Re: MP3 decoder packaged with XMMS
On 7/16/05, Arnoud Engelfriet <email@example.com> wrote:
> (5) An act which, apart from this subsection, would constitute an
> infringement of a patent for an invention shall not do so if -
> (a) it is done privately and for purposes which are not commercial;
OK, this makes sense. Probably means I can bake cookies from a
patented recipe without infringing the patent as long as I don't turn
around and hold a bake sale. My execrable Deutsch is still enough to
tell me that German law is similar.
> > At least in US copyright law as I understand it (which borrowed the
> > term from patent law), "contributory infringement" can't be found
> > where there is no direct infringement to be contributed to, nor even
> > where there are substantial non-infringing uses of the product and the
> > distributor makes a good-faith attempt to discourage, and avoid
> > deriving substantial revenues from, infringing uses.
> Right. In most patent laws, the act of distribution of a product
> is by itself a direct infringement. Even when the distribution
> is intended for individuals that want to privately use the product.
> So I don't think this is going to help you much.
Right, that's the same as US law AIUI.
> This of course presumes that a sequence of bits is a "product" in
> patent law. I'm not aware of any caselaw either way. But it does
> seem likey that this would be covered by the "essential element"
> clause in patent law. See e.g. article 60(2) and (3) UK Patent Act:
It would clearly be a misreading of the legislative intent to say that
neither manufacturer nor distributor nor end user needs to obtain a
patent license just because the end user isn't making "commercial" use
of the product.
> One could argue that "other person entitled to work the
> invention" can mean "a person performing the acts privately
> and for purposes which are not commercial". I'd have to check
> with a UK colleague whether that's accurate.

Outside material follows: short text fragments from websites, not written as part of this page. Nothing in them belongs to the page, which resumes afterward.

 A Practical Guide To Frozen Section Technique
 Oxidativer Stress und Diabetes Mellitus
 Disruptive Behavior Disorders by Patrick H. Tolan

Probably not, if the only basis for that entitlement is the statutory
out provided in 60 (5) (a). But if Thomson actually were to express
the intention of exempting private users of an open source
implementation from the need for a patent license ever to have been
obtained for _their_copy_ -- i. e., if in Thomson's official view
their usage (transcoding other audio formats to and from MP3s for
personal use) is such that neither upstream, nor packager, nor end
user needs to pay a per-unit fee for that copy -- that's a very
different ballgame. (For DFSG purposes, it would of course also be
necessary to verify that no per-implementation fee was demanded if one
acts in good faith to communicate the limits of this "safety zone" to
recipients, lest downstream developers should be obligated to pay a
lump sum when renaming the package or merging it into something
I'm not saying that I think that Thomson is offering such a deal, but
I'm not saying they aren't (or haven't already) either. My impression
is that they are focusing on extracting revenues in return for the
mastering of MP3s for purposes of commercial distribution. It's a
fine point and I know there are some DDs who won't look at it this
way, but if the software authors aren't attempting to discriminate
among fields of endeavor -- only disclaiming responsibility for
obtaining patent rights from a third party on anyone's behalf, and
advising recipients that upstream focuses on the "substantial
non-infringing uses" (personal use and use by patent licensees) that
protect upstream and distributor from allegations of infringement --
then I think there's at least a case for calling it DFSG-free.
I care about this principally because I'd like to see a model "square
deal" that qualifies as free speech whether or not it's free beer.
Commercial, end-user-oriented MP3 encoders, hardware and software,
compete with one another and with other formats anyway; will they
really be all that pissed at Thomson for giving the green light to
LAME and its like? As psycho-acoustic research tools, toys for the
ABXers at Hydrogenaudio, and building blocks for product mock-ups
under the umbrella of a patent sharing agreement, LAME and libmad and
ffmpeg and so forth are interesting and useful without cutting unduly
into the revenue stream that amortizes off the cost of research.
If Debian and Thomson knock this domino over, someday even DeCSS may
be blessed by the powers that be. (Though IMHO the only
non-infringing use it really has is the product mock-up scenario.)